Start of Entries supplied

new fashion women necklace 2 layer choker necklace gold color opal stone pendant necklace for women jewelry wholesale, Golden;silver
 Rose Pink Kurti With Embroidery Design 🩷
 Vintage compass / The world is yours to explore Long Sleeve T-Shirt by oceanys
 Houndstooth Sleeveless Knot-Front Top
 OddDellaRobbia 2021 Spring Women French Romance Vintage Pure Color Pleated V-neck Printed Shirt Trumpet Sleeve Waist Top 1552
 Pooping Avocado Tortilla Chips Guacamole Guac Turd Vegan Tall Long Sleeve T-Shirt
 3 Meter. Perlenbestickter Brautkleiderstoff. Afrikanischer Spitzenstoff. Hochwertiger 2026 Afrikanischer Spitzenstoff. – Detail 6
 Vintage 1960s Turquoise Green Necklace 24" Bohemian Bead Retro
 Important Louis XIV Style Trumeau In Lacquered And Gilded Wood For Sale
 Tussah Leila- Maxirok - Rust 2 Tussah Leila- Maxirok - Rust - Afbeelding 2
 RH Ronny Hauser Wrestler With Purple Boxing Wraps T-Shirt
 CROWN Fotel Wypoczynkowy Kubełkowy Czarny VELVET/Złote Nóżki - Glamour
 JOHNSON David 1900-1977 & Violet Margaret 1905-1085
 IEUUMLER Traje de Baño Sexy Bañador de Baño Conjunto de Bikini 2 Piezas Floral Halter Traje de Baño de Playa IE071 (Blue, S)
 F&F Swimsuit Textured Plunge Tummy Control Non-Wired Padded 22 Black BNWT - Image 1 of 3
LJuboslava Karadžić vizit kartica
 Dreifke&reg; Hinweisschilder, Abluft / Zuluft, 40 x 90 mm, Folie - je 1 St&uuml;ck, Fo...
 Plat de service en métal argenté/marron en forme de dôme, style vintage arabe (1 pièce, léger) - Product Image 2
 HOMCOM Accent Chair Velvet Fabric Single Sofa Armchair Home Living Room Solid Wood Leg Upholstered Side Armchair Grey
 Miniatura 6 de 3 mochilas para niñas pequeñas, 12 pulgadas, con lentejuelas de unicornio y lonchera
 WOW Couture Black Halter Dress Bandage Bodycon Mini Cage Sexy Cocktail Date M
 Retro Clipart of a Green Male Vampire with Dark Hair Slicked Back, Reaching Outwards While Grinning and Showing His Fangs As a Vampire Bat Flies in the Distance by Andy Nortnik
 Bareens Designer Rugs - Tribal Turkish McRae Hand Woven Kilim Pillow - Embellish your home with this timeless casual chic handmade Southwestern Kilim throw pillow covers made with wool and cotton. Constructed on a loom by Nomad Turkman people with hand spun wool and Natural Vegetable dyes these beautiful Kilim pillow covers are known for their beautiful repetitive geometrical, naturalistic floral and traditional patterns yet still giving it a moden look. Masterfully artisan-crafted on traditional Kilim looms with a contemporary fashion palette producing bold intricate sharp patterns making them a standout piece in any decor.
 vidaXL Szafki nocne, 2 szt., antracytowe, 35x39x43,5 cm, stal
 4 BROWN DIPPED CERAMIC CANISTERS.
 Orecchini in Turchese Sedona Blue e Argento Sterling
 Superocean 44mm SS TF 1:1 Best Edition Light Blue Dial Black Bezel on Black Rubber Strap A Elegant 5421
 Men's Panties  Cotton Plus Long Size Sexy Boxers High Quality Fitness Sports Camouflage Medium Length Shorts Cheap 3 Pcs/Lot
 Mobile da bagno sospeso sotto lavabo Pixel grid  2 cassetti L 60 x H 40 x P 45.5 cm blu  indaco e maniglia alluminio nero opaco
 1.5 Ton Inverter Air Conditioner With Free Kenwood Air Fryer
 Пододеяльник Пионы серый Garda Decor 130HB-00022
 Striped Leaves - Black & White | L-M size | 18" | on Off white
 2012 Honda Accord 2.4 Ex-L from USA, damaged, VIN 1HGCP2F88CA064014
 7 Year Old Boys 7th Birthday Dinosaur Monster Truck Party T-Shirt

End of Entries supplied

### Exercise objective
Whenever a line in the records contains the word "Sexy", copy that line.

### Your response
 IEUUMLER Traje de Baño Sexy Bañador de Baño Conjunto de Bikini 2 Piezas Floral Halter Traje de Baño de Playa IE071 (Blue, S)
 WOW Couture Black Halter Dress Bandage Bodycon Mini Cage Sexy Cocktail Date M
 Men's Panties  Cotton Plus Long Size Sexy Boxers High Quality Fitness Sports Camouflage Medium Length Shorts Cheap 3 Pcs/Lot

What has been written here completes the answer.